→ DESCRIPTION OF THE TASK:
Your answer must hold only the lines below from the line containing "How Birth Injury Settlements Are Calculated" through the line containing "efeito de deslocamento", each reproduced exactly.

━━ DATA SHOWN

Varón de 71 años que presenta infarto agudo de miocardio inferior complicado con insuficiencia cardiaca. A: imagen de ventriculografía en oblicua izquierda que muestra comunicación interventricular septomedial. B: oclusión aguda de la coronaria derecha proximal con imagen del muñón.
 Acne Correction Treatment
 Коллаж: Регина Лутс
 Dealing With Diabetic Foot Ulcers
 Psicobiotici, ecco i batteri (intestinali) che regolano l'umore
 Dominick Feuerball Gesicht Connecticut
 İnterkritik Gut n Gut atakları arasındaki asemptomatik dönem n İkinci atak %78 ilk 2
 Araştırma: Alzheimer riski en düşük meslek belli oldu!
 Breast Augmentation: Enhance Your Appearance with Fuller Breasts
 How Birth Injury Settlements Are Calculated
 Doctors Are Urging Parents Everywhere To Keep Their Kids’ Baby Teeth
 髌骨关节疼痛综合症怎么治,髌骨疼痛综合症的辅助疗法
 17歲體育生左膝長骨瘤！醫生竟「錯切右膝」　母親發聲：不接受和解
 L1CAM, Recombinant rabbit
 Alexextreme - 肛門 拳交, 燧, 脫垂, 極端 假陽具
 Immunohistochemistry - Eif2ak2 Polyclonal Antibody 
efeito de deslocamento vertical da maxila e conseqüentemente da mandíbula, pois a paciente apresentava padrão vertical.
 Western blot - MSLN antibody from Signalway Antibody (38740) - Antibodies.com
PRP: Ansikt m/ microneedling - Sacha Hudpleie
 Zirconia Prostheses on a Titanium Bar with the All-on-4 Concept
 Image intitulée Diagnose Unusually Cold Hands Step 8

━━━━

→ OUTPUT FOR THIS EXERCISE:
 How Birth Injury Settlements Are Calculated
 Doctors Are Urging Parents Everywhere To Keep Their Kids’ Baby Teeth
 髌骨关节疼痛综合症怎么治,髌骨疼痛综合症的辅助疗法
 17歲體育生左膝長骨瘤！醫生竟「錯切右膝」　母親發聲：不接受和解
 L1CAM, Recombinant rabbit
 Alexextreme - 肛門 拳交, 燧, 脫垂, 極端 假陽具
 Immunohistochemistry - Eif2ak2 Polyclonal Antibody 
efeito de deslocamento vertical da maxila e conseqüentemente da mandíbula, pois a paciente apresentava padrão vertical.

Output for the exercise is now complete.